Top prosecutors from eight states want MySpace to tell them how many registered sex offenders have MySpace accounts.
Eight attorneys general sent a letter to MySpace (PDF) Monday, saying that thousands of registered sex offenders have created profiles on the social networking site.
"MySpace is a treasure trove of potential victims for child predators," North Carolina Attorney General Roy Cooper said in a prepared statement. "Sex offenders have no business being on this site, and we believe MySpace has a responsibility to get them off the site."
They have also requested information on how many offenders MySpace has identified, what its employees are doing to warn users who may have communicated with the predators, how many sex offenders' profiles have been removed, and what MySpace is doing to notify law enforcement authorities about the predators using its site.
"As our states' chief legal officers, we are gravely concerned that sexual predators are using MySpace to lure children into face-to-face encounters and other dangerous activities," the attorneys general wrote.
The attorneys general -- from Connecticut, Georgia, Idaho, Mississippi, New Hampshire, North Carolina, Ohio, and Pennsylvania -- pointed out that MySpace announced five months ago that it would compare its members with Sentinel Tech Holding's database of registered sex offenders and subsequent reports indicated that there were thousands of matches with MySpace members.
"Perhaps thousands more sexual predators -- not registered or using fictitious names -- are lurking on your Web site," the attorneys general wrote. "We remain concerned about the design of your site, the failure to require parental permission, and the lack of safeguards necessary to protect our children."
The attorneys general said that in 2006 the media reported almost 100 crimes involving adults who used MySpace to prey or attempt to prey on children in the United States. They pointed to two cases in North Carolina, which is leading the charge to get answers from MySpace.
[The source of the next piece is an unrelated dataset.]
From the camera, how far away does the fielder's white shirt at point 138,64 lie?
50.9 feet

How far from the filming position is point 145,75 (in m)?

A former sheriff's deputy from was sentenced last year to 15 years in prison for molesting a 15-year-old North Carolina boy he met on MySpace. A North Carolina police officer was also arrested and charged with raping a 14-year-old girl he met on MySpace.
North Carolina, Connecticut, and other states have introduced legislation that would require social networking sites, like MySpace, to get parental permission before minors can register. In North Carolina, Cooper wants the legislature to pass a law that would make it a felony for convicted sex offenders to join social networking sites that include children.
The letter requests a list of all names of registered sex offenders using MySpace and sets a deadline of May 29 for MySpace to respond.
MySpace representatives did not immediately respond to calls requesting for comment. Representatives have said in the past that they support state efforts to ban sex offenders from MySpace.